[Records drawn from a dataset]
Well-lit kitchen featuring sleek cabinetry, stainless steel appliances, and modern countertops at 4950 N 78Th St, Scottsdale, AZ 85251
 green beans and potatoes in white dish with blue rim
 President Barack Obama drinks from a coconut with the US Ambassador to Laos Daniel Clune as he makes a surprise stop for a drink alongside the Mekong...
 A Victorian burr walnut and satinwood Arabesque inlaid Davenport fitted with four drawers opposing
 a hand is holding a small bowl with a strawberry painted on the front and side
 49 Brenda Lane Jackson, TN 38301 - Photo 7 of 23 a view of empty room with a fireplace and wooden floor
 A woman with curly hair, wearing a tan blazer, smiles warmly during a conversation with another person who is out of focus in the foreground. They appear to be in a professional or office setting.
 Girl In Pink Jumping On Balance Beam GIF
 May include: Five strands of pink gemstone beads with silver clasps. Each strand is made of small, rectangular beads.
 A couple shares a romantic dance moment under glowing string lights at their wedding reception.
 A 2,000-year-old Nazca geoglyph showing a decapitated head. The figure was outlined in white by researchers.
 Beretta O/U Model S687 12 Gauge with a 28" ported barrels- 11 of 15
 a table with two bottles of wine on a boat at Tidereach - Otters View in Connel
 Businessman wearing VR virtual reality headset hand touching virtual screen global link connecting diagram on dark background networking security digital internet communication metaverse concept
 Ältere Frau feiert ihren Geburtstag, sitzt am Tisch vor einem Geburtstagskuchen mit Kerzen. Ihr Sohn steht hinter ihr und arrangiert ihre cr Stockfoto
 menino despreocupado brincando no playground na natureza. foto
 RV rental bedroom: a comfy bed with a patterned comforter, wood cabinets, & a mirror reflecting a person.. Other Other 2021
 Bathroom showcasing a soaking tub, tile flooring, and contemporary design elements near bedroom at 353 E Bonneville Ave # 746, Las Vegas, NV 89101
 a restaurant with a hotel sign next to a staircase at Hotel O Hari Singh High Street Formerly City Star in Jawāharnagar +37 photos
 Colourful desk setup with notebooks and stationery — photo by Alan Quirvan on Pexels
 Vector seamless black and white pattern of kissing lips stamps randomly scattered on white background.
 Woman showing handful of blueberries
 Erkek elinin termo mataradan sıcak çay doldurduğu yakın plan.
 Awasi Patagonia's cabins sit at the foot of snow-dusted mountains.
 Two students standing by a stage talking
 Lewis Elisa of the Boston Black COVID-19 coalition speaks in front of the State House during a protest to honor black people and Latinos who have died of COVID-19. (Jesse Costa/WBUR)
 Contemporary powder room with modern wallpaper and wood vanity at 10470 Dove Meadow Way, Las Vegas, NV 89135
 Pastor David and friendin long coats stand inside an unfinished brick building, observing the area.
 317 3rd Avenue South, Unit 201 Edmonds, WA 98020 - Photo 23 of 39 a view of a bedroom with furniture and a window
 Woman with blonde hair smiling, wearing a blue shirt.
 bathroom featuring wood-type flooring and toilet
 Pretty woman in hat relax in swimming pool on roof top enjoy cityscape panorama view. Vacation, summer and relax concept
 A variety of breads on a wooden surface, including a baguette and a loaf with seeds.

The task
Where a line of the records holds the word "Vegas", copy that line.

Solution to this exercise
 Bathroom showcasing a soaking tub, tile flooring, and contemporary design elements near bedroom at 353 E Bonneville Ave # 746, Las Vegas, NV 89101
 Contemporary powder room with modern wallpaper and wood vanity at 10470 Dove Meadow Way, Las Vegas, NV 89135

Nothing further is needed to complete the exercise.